Personal information
- Nationality: Australian
- Born: 2 March 2004 (age 22) Switzerland

Sport
- Country: Australia
- Sport: Athletics
- Club: Old Xaverians Athletics Club

Medal record
Women's para-athletics
Representing Australia
World Championships
| Bronze medal – third place | 2025 New Delhi | 1500 m T20 |

= Annabelle Colman =

Australian Paralympic athlete

Annabelle Colman (born 2 March 2004) is an Australian Paralympic athletics competitor with an intellectual disability. She competed at the 2024 Paris Paralympics.

==Personal==
Colman was born on 2 March 2004 in Switzerland. She attended the Rossbourne School in Melbourne, Victoria.

==Athletics==
She is classified as a T20 athlete. Her athletics journey started over overseas at the age of seven. It became more serious in Melbourne when she joined Inclusive Sports Training with Liz Gosper and then the Old Xaverians Athletics Club with Anthony de Castella at the age of fifteen. She represented Australia at the Virtus Global Games in Brisbane winning Gold in the 800 m and 1500 m events.

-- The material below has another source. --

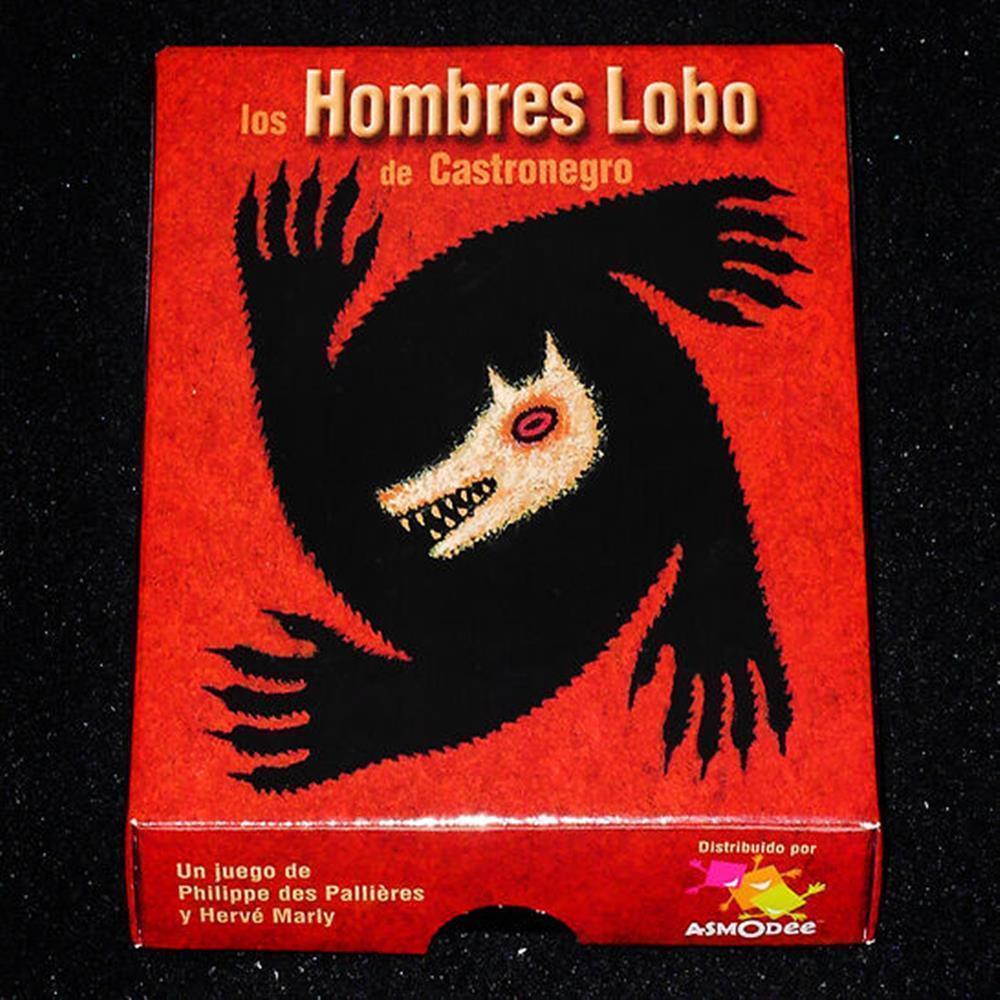 Hombres Lobo de Castronegro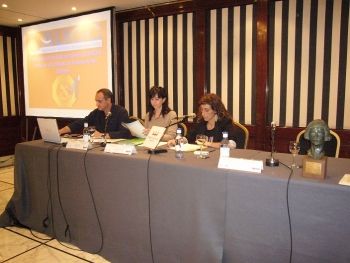 AUGC participa en el primer CONGRESO NACIONAL CONTRA LA VIOLENCIA DE GENERO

At the 2023 World Para Athletics Championships, she finished eighth in the Women's 1500 m T20. Colman is the current Australian record holder for the Women' 1500 m T20, a record previously held by Patricia Flavel. At the 2024 Paris Paralympics, she finished fourth in the Women's 1500 m T20, setting an Oceania record in 4:31.54.

He is coached by Anthony de Castella and Liz Gosper.